On HPC clusters, you do not have administrator privileges. This means you cannot use sudo apt install or system-wide pip install to add packages. Conda solves this by giving you a fully self-contained environment in your home directory that you control entirely.
Benefits of Conda on HPC:
- Install any Python package without admin rights
- Create isolated environments per project to avoid dependency conflicts
- Easily reproduce environments across different machines
- Install GPU-specific packages that link against the correct CUDA version
We will show you an example of how to insatll a GPU-specific package using conda.

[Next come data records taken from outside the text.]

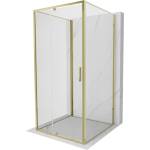 Mexen Exo-3S 3-стенна душ кабина с отварящи се врати 90 x 90 см, прозрачна, (819-090-090-50-00-3S)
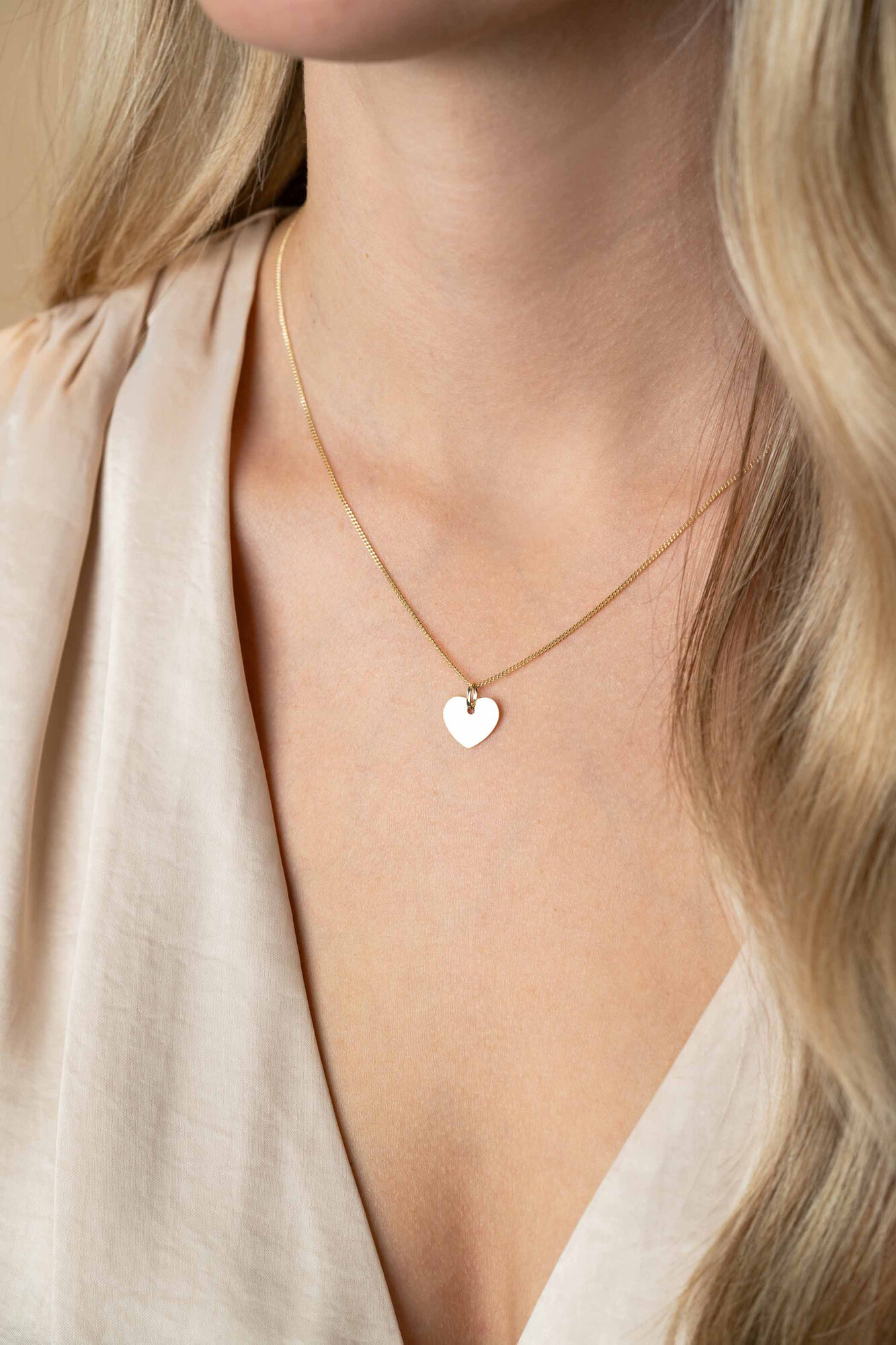 12mm ZINZI 14K Gold Pendant Trendy Shiny Heart ZGH396-12 (excl. necklace)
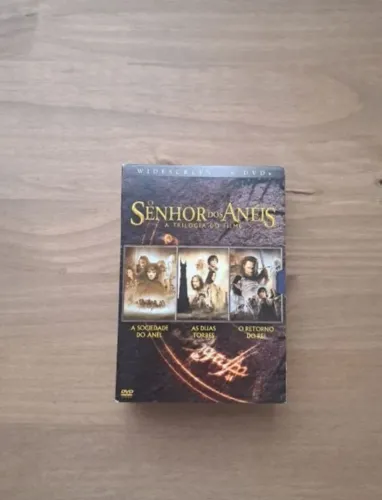 box dvd senhor dos anéis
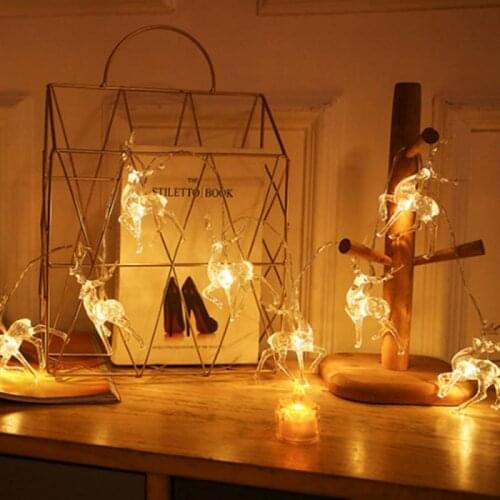 Led Sika Deer String Lights for Party Holiday Garden Garland Christmas Decorations Home Outdoor Globe Festoon Bulb Light Wedding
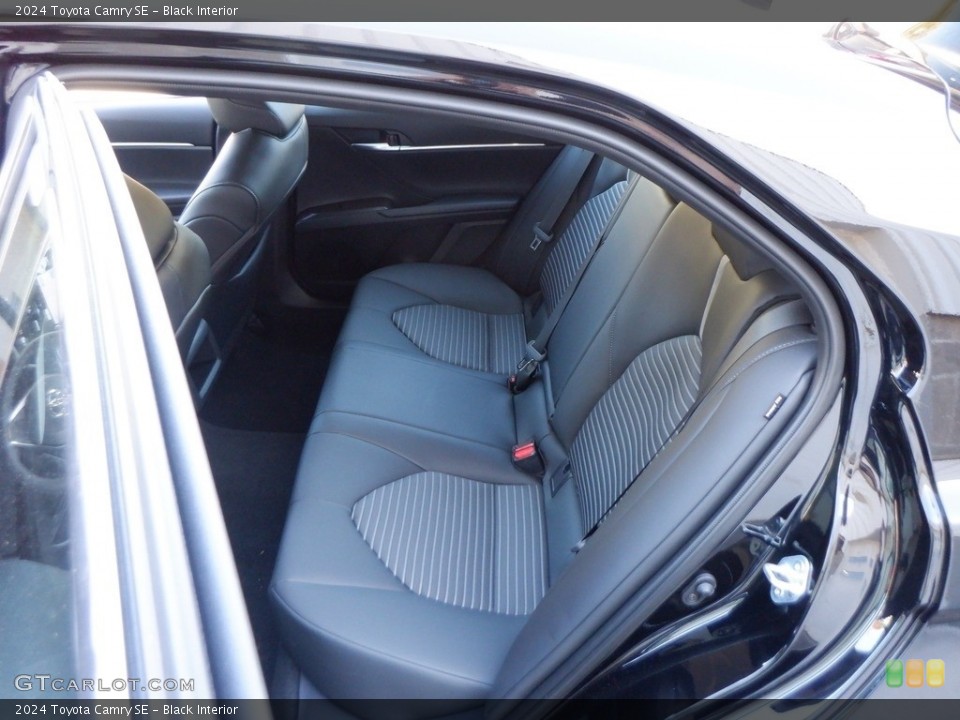 Black Interior Rear Seat for the 2024 Toyota Camry SE #146712976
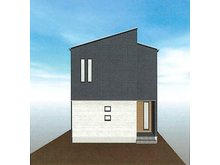 新築一戸建て　岡山市東区瀬戸町下Ⅱ　の外観パース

Understanding GPU Nodes on HPC
Before installing GPU packages, you need to understand that:
- Login nodes do not have GPUs, they are for editing files and submitting jobs only
- GPU nodes are special compute nodes with NVIDIA GPUs attached
- GPU packages must be installed on a GPU node so Conda can detect the correct CUDA version
Installing a GPU package on a login node may result in a CPU-only build being installed, even if you request GPU support. Always install GPU packages interactively on a GPU node.

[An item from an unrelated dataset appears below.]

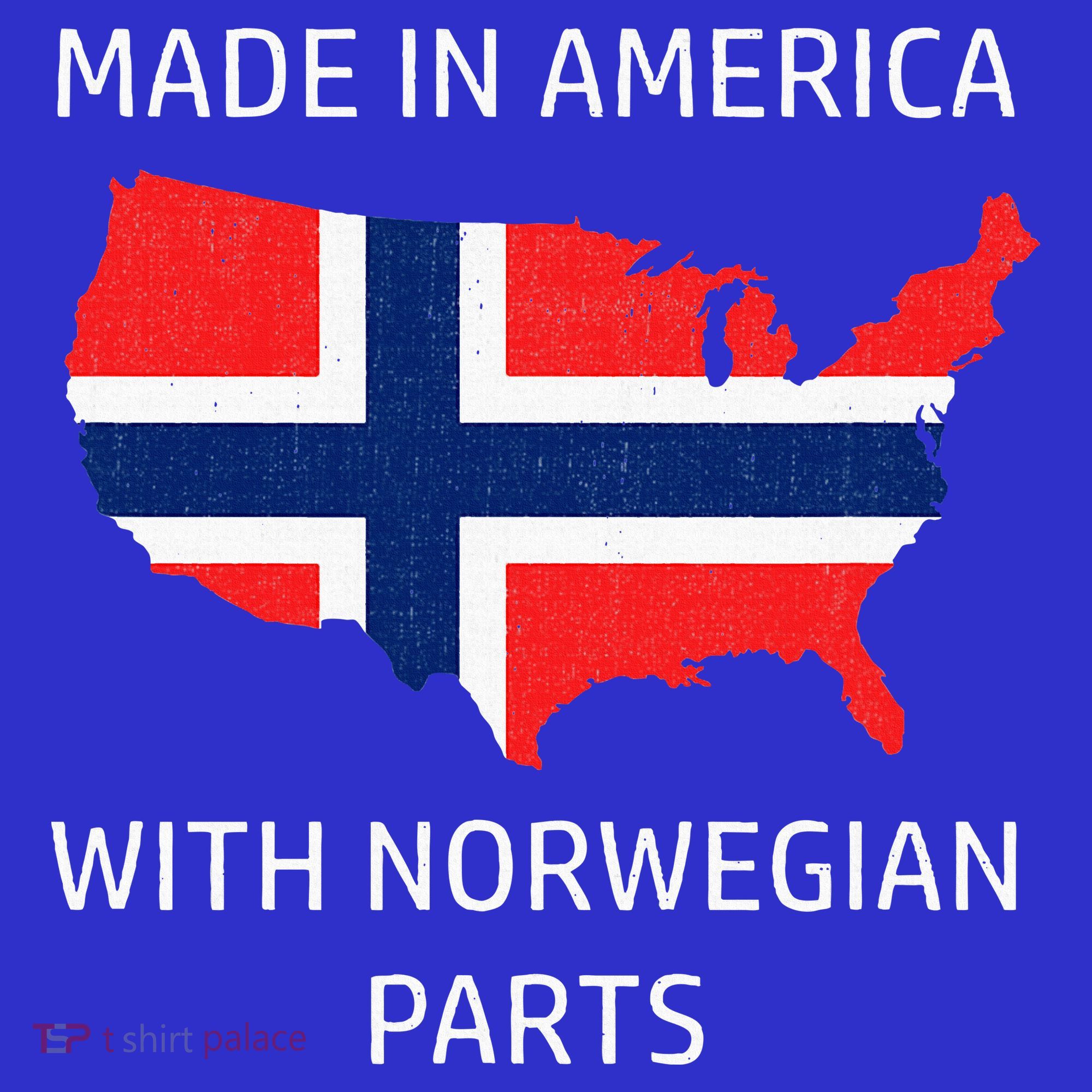 Made In America With Norwegian Parts Norway And Usa T-Shirt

Step 1: Check Available GPU Partitions
Before requesting a GPU node, find out which partitions have GPUs:
# List all partitions and look for GPU-related ones
sinfo -o "%P %G %N" | grep -i gpu
Example output:
test gpu:nvidia_h200_nvl:2 gnode[026-029]
test gpu:l40s:1 gnode025
test gpu:a100:2 gnode[001-010]
gpu gpu:a100:2 gnode[001-008]
cenvalarc.gpu gpu:nvidia_h200_nvl:2 gnode[026-029]
You can also check what GPU resources are available on GPU partition:
# Show GPU node details
sinfo -p gpu --Format=NodeList,Gres,GresUsed,StateCompact
Example output:
NODELIST GRES GRES_USED STATE
gnode[002,006] gpu:a100:2 gpu:a100:1(IDX:0) mix
gnode[003-004] gpu:a100:2 gpu:a100:2(IDX:0-1) alloc
gnode[001,005,007-008] gpu:a100:2 gpu:a100:0(IDX:N/A) idle
To make it easier to check GPU availability at a glance, you can use the helper script below. It filters for idle or mixed nodes and shows how many GPUs are free on each.

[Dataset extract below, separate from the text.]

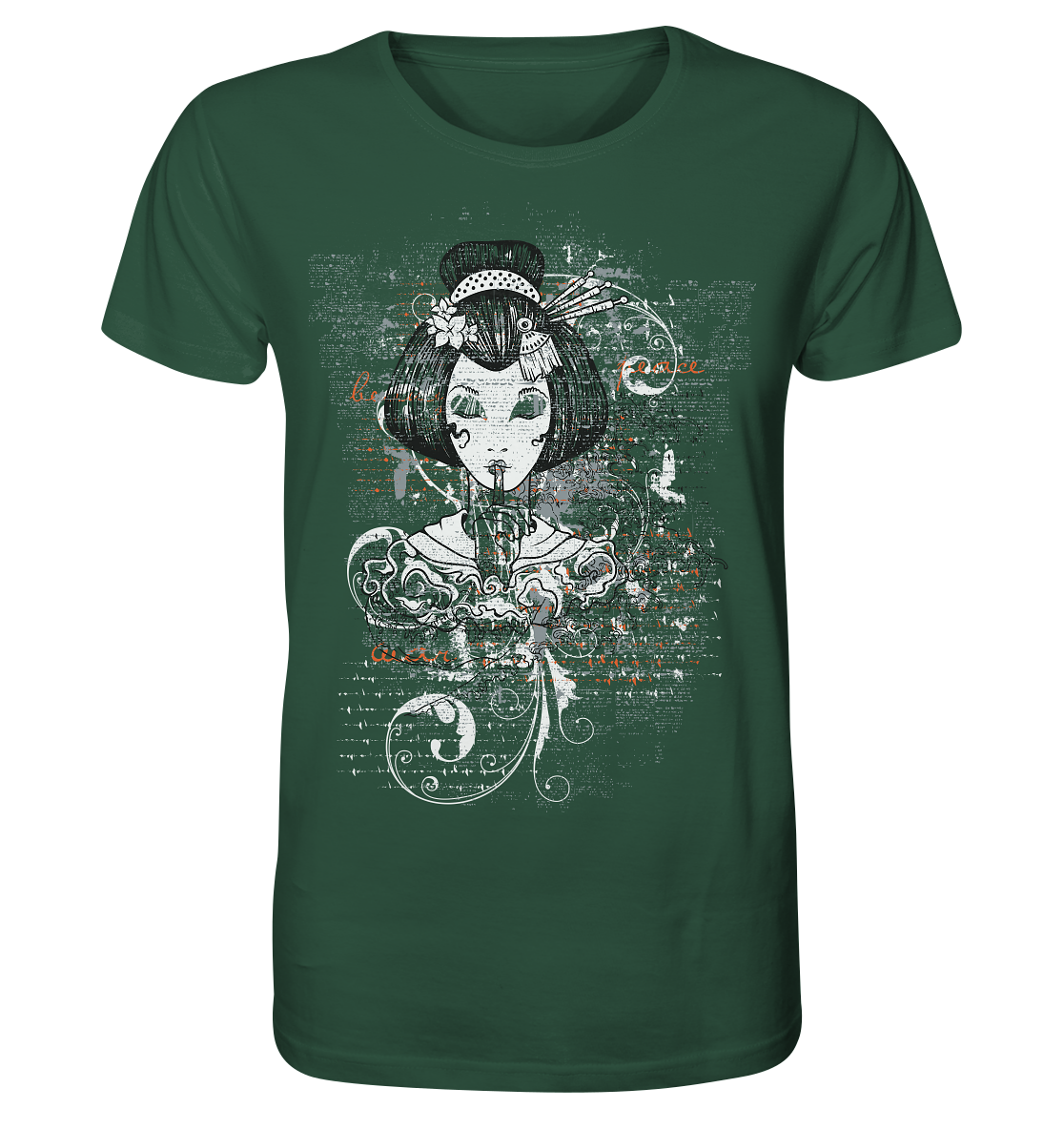 Geisha Shhh - Organic Shirt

⬇️ Download check_gpu.shTransfer the file to Pinnacles using scp:
scp check_gpu.sh <username>@login.rc.ucmerced.edu:/your/path
After transferring, make it executable and run it on Pinnacles:
chmod +x check_gpu.sh
./check_gpu.sh
Example output:
=== Available GPUs on Pinnacles ===
Partition: test
Node: gnode016
Type: l40s
Free: 4 / 4 GPUs
State: idle
Partition: test
Node: gnode014
Type: h100
Free: 1 / 1 GPUs
State: mix
Partition: gpu
Node: gnode[001,005]
Type: a100
Free: 2 / 2 GPUs
State: idle
Step 2: Request an Interactive GPU Node
To install GPU packages correctly, you need to start an interactive session on a GPU node. This gives you a live terminal on the node where GPUs are physically present.
srun --partition=gpu \
--gres=gpu:1 \
--ntasks=1 \
--cpus-per-task=4 \
--mem=8G \
--time=01:00:00 \
--pty bash
If you want to target a specific node from the check_gpu.sh output above, add --nodelist:
srun --partition=gpu \
--nodelist=gnode016 \
--gres=gpu:1 \
--ntasks=1 \
--cpus-per-task=4 \
--mem=8G \
--time=01:00:00 \
--pty bash
Replace gnode016 with the node name shown under Node in the script output, and replace gpu with the corresponding Partition value.
What each flag means
| Flag | Description |
|---|---|
--partition=gpu | The partition name |
--nodelist=gnode016 | (Optional) Pin to a specific node with available GPUs |
--gres=gpu:1 | Request 1 GPU device |
--ntasks=1 | Run 1 task |
--cpus-per-task=4 | Request 4 CPU cores to pair with the GPU |
--mem=8G | Request 8GB of RAM |
--time=01:00:00 | Reserve the node for 1 hour (enough time to install packages) |
--pty bash | Open an interactive bash terminal |
Once the session starts, your prompt will change to show you are on a compute node:
[yyu49@gnode002 ~]$
Verify the GPU is visible
Once on the GPU node, confirm you can see the GPU:
nvidia-smi
Expected output
Tue Mar 17 14:29:33 2026
+-----------------------------------------------------------------------------------------+
| NVIDIA-SMI 590.48.01 Driver Version: 590.48.01 CUDA Version: 13.1 |
+-----------------------------------------+------------------------+----------------------+
| GPU Name Persistence-M | Bus-Id Disp.A | Volatile Uncorr. ECC |
| Fan Temp Perf Pwr:Usage/Cap | Memory-Usage | GPU-Util Compute M. |
| | | MIG M. |
|=========================================+========================+======================|
| 0 NVIDIA A100-PCIE-40GB On | 00000000:17:00.0 Off | 0 |
| N/A 25C P0 32W / 250W | 0MiB / 40960MiB | 0% Default |
| | | Disabled |
+-----------------------------------------+------------------------+----------------------+
+-----------------------------------------------------------------------------------------+
| Processes: |
| GPU GI CI PID Type Process name GPU Memory |
| ID ID Usage |
|=========================================================================================|
| No running processes found |
+-----------------------------------------------------------------------------------------+
Note the CUDA Version shown, and you will need this in the next step.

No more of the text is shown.